Para o artista, é a “manifestação cultural que melhor traduz os anseios, os sonhos e a aspiração da comunidade” que fala português. E que mais tem contribuído para quebrar barreiras sociais e raciais. “A kizomba tem o condão de unir as pessoas, fazê-las esquecer um pouco as amarguras do seu quotidiano.”
“É saber que no fim de semana vais poder curtir, é saber que vais ter a dignidade de pedir a alguém para dançar contigo e lembrares-te de que és uma pessoa. É isto que a kizomba representa”, acrescenta Nástio Mosquito, que realça como a kizomba, enquanto género musical e de dança, tem sido essencial para que exista mobilização social e uma série de empreendedores em diversos países. “Podemos falar disto de um ponto de vista emocional, mas também de um ponto de vista económico. Quantas pessoas é que hoje em Portugal estarão a viver da kizomba? Esta dimensão também é importante.”
Este encontro da kizomba com o Brasil leva a que Kalaf Epalanga se recorde do trabalho que Martinho da Vila, que considera ser “quase um cidadão honorário de Angola”, fez no século passado para aproximar a lusofonia. “Com o Projeto Kalunga, levou 60 artistas do Brasil — como Chico Buarque, Djavan ou Alcione — até Angola. E depois levou o Waldemar Bastos e outros até ao Brasil.” Os “pontos de contacto” não são novos, recorda. Em 1988, Martinho da Vila foi diretor artístico da escola de samba Vila Isabel e ganhou a competição do Carnaval desse ano com um espetáculo intitulado “Kizomba, a Festa da Raça”.
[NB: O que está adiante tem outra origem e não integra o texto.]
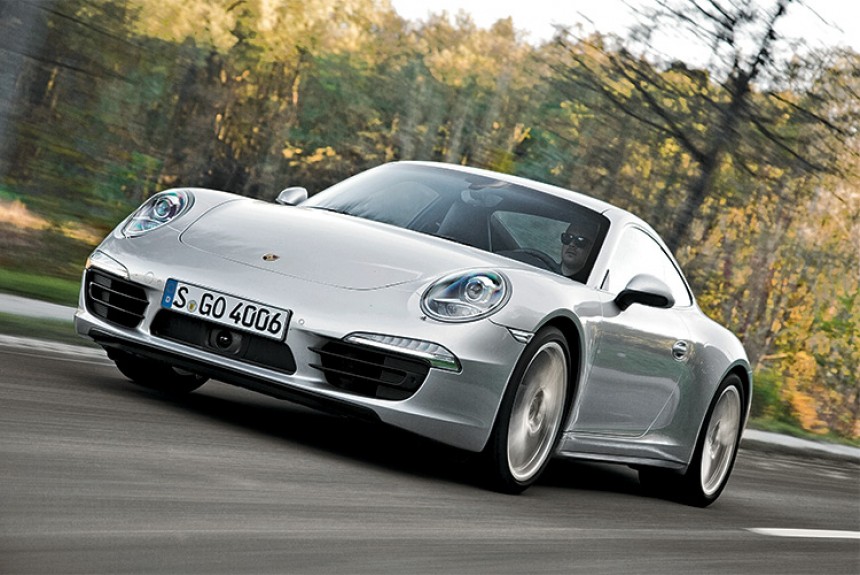 Олег Растегаев опробовал Porsche 911 Carrera 4 и Cayenne S Diesel: полный привод – вещь!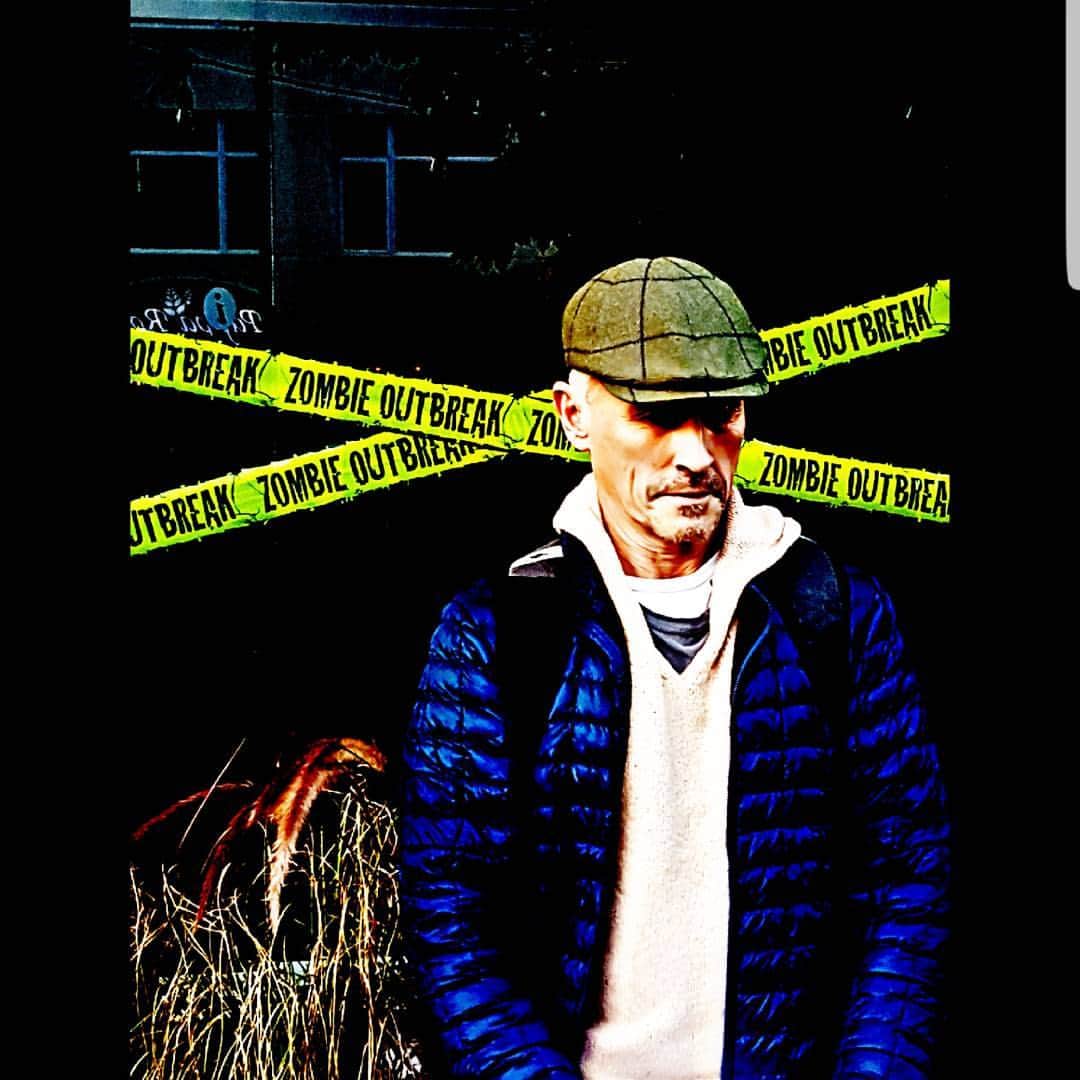 のインスタグラム：「Happy Howlaween @#iZombie #the_robert_knepper_official」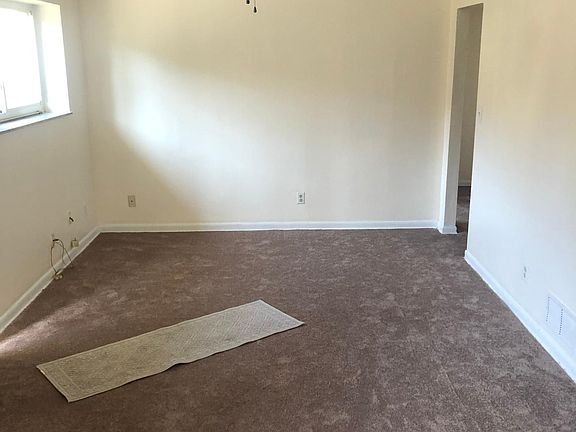 3rd image of 914 Wilson St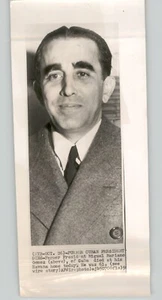 Foto de prensa del ex presidente cubano Miguel Mariano Gómez DE COLECCIÓN 1950 - Imagen 1 de 2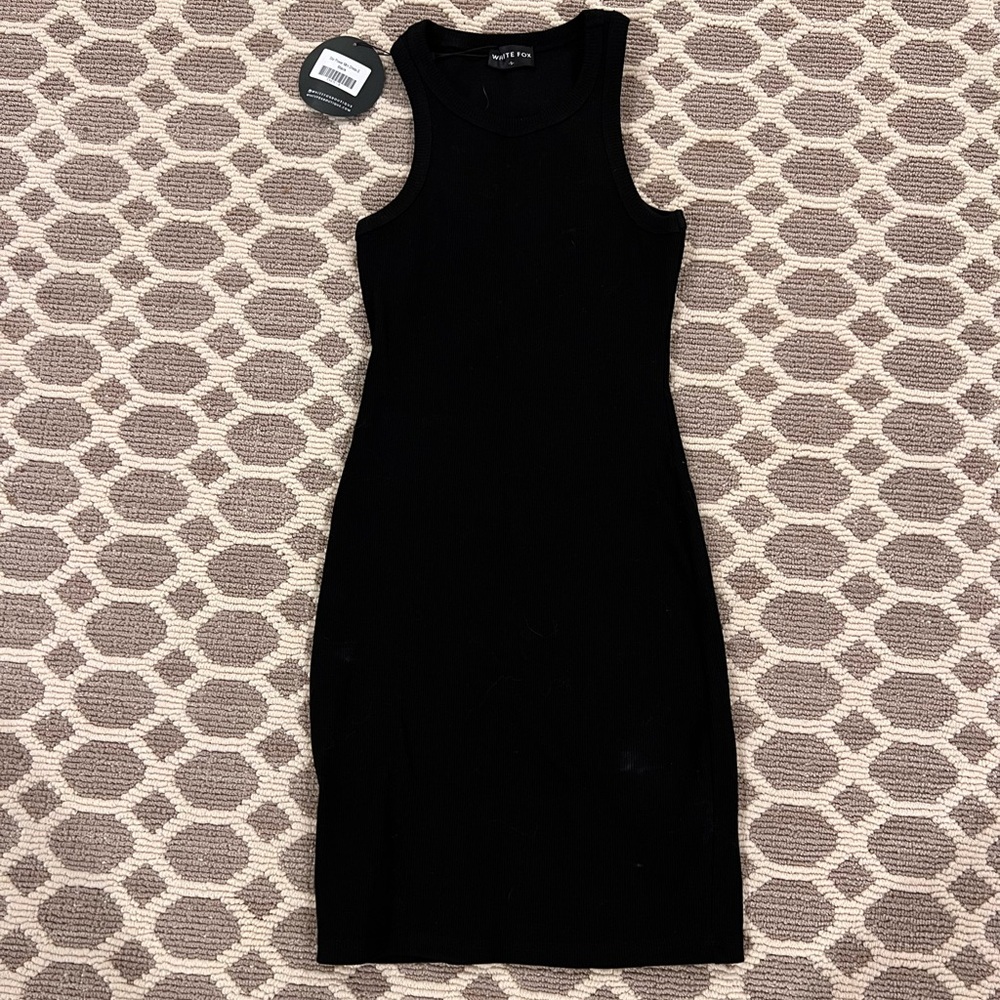 White Fox Star Power Ribbed Mini Dress NWT
Size Small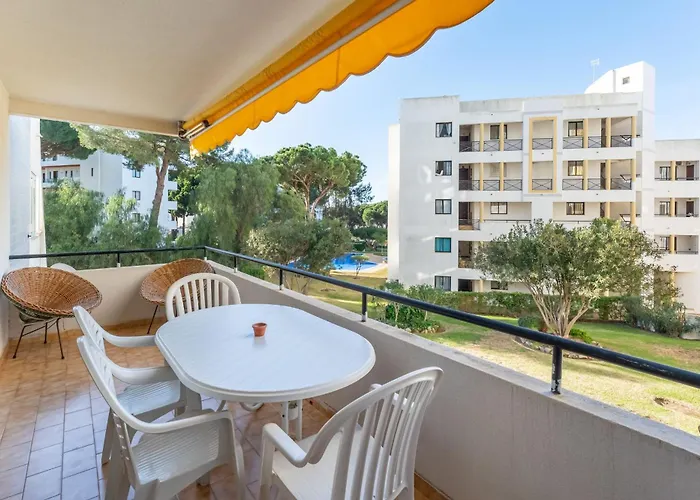 2 Bdr Flat With Pool In Vilamoura By Lovelystay *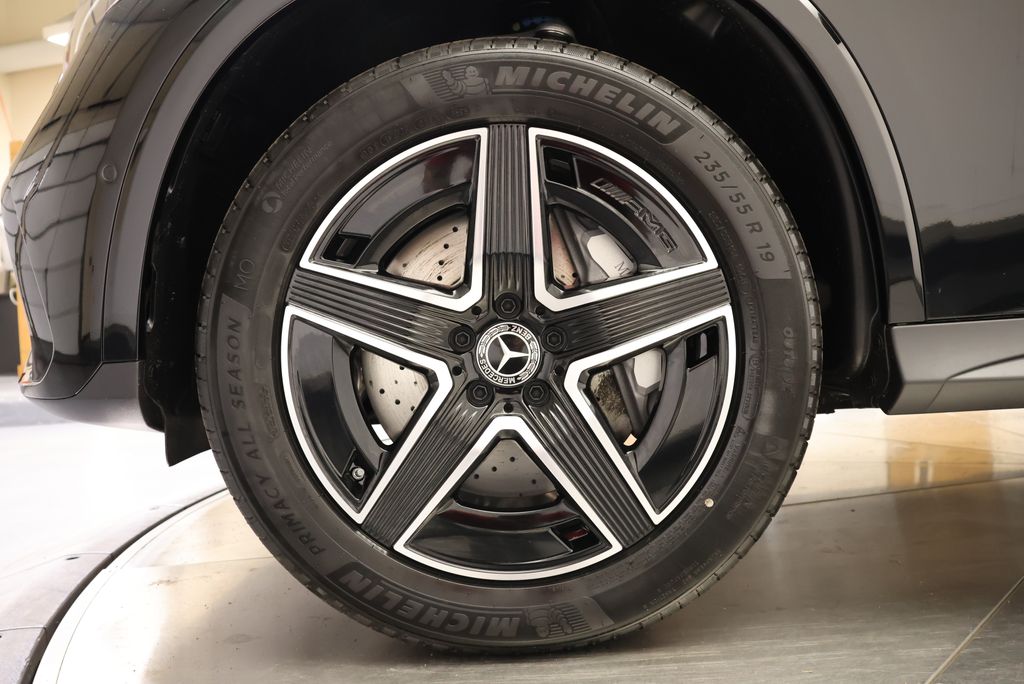 Thumbnail: 2026 Mercedes-Benz GLC - 11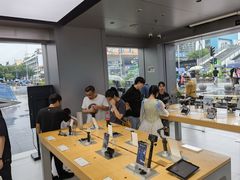 -DJI大疆(深圳华强北曼哈授权体验店)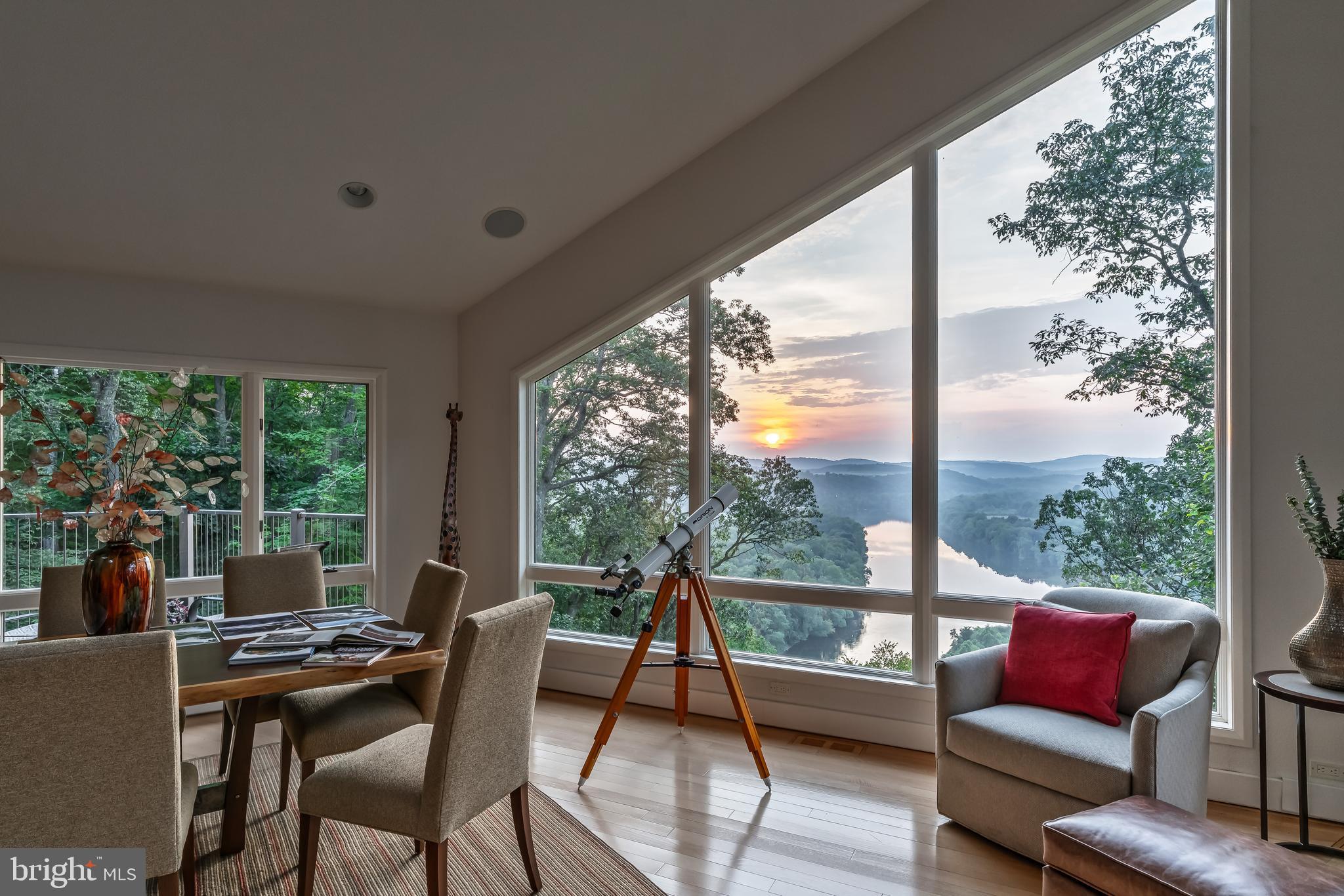 511 CENTER HILL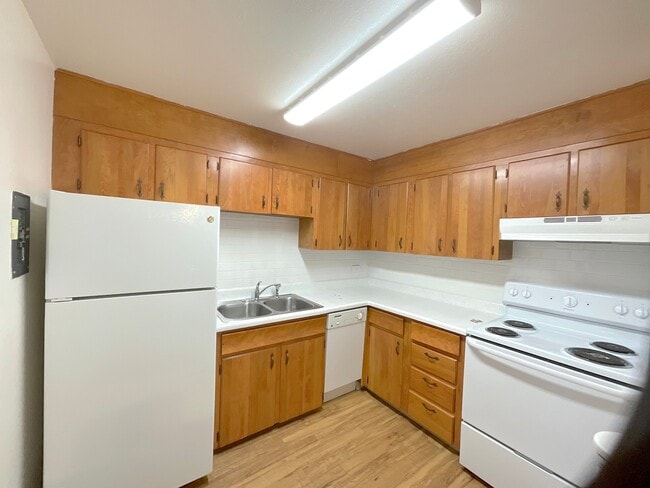 Photo - 1375 Everett Ct Unit 205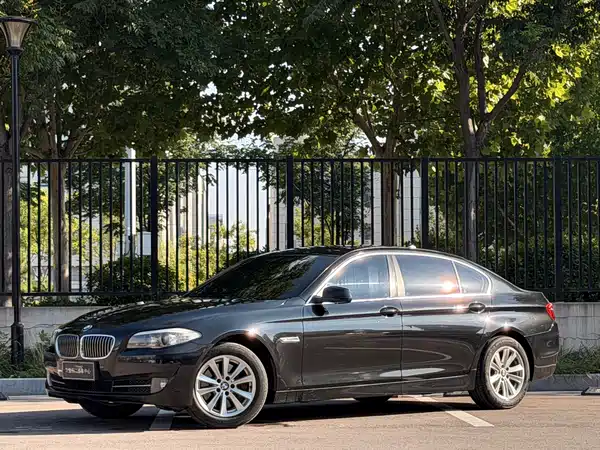 BMW 5 Series 2012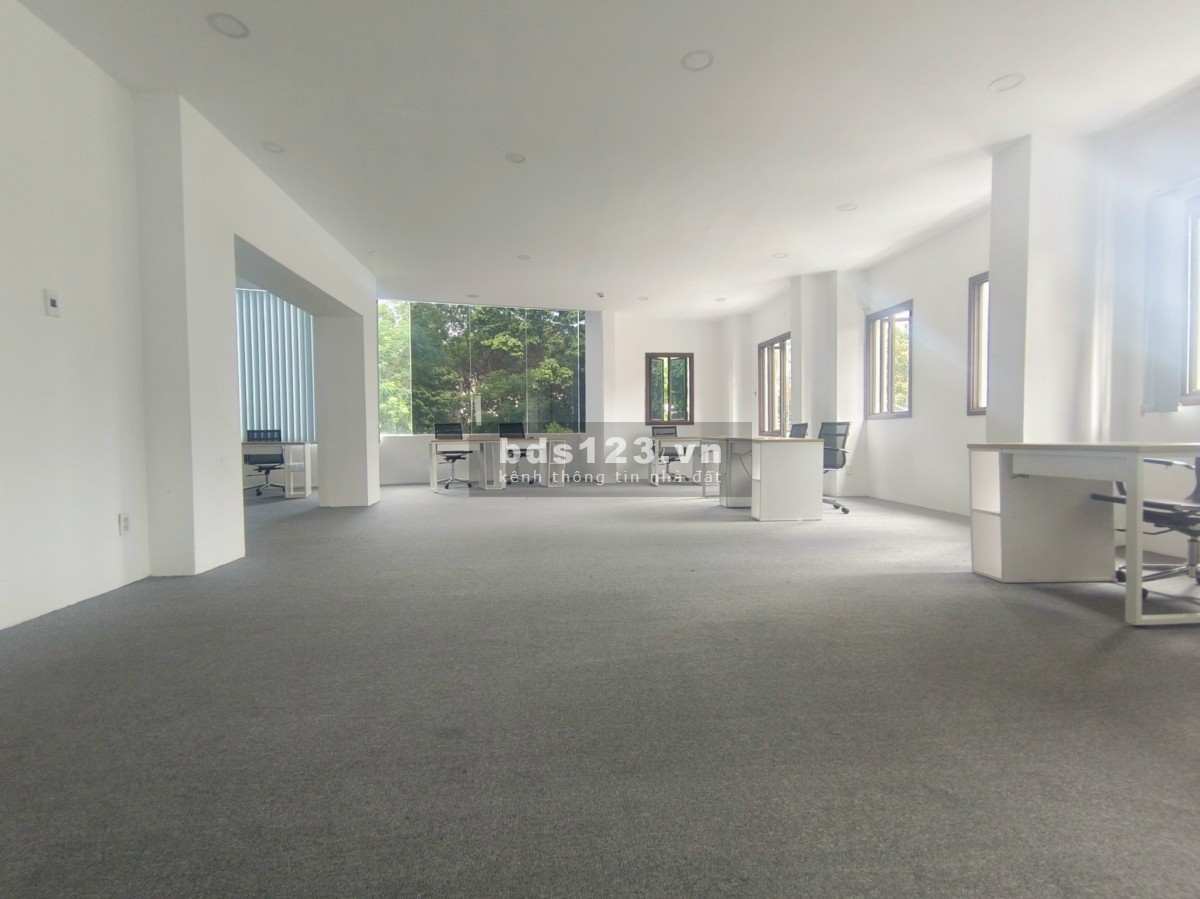 Cho thuê sàn VP 90m2 view kính sáng, nhiều cửa sổ thông tháng góc 2 MT khu sân bay Tân Sơn Nhất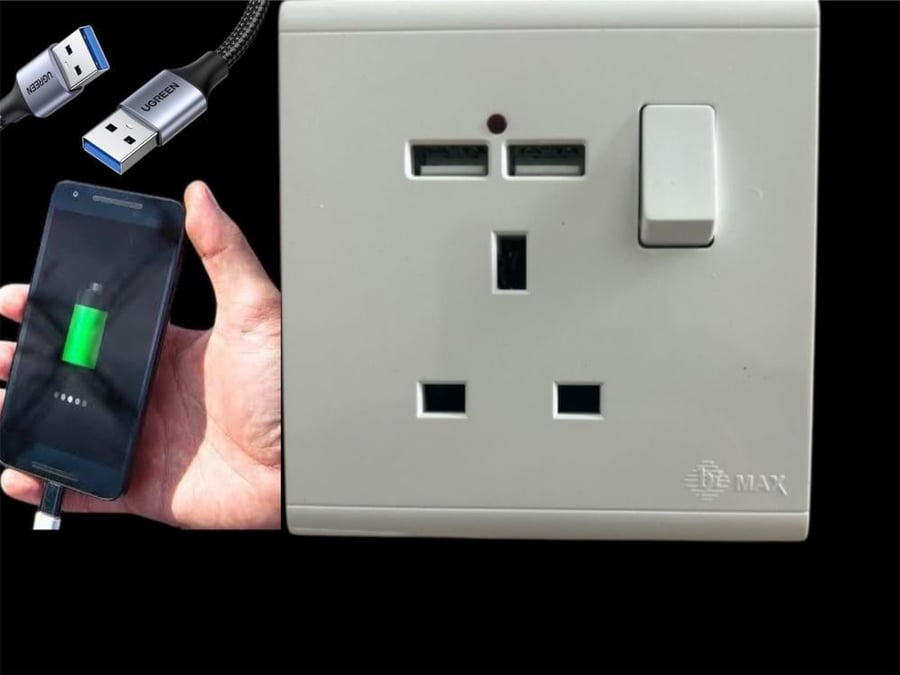 شاحن جوال مع فيش و مدخل  7*7سم USB 2*1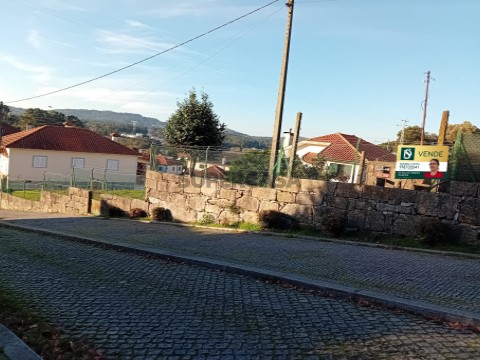 Terreno em Freamunde, Paços de Ferreira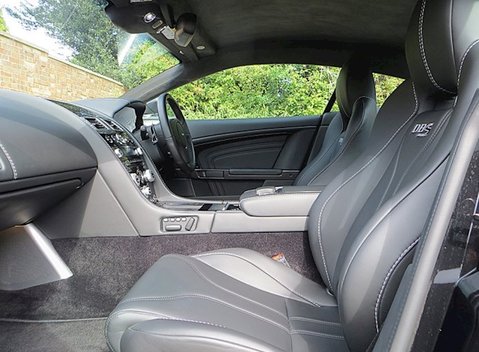 Aston Martin DBS Carbon Black 8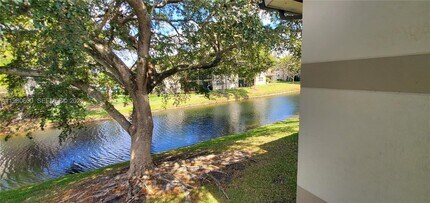 9945 Nob Hill Pl in Sunrise, FL - Foto de edificio - Building Photo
“Como o Brasil é culturalmente muito virado para si mesmo, há uma certa ignorância sobre as manifestações culturais e musicais dos PALOP. Mas acho que o Brasil beneficiaria muito se tivesse uma relação mais estreita com o que se está a produzir hoje no corredor Luanda-Praia-Lisboa. E está melhor, está a acontecer, tenho visto muita coisa a mudar.”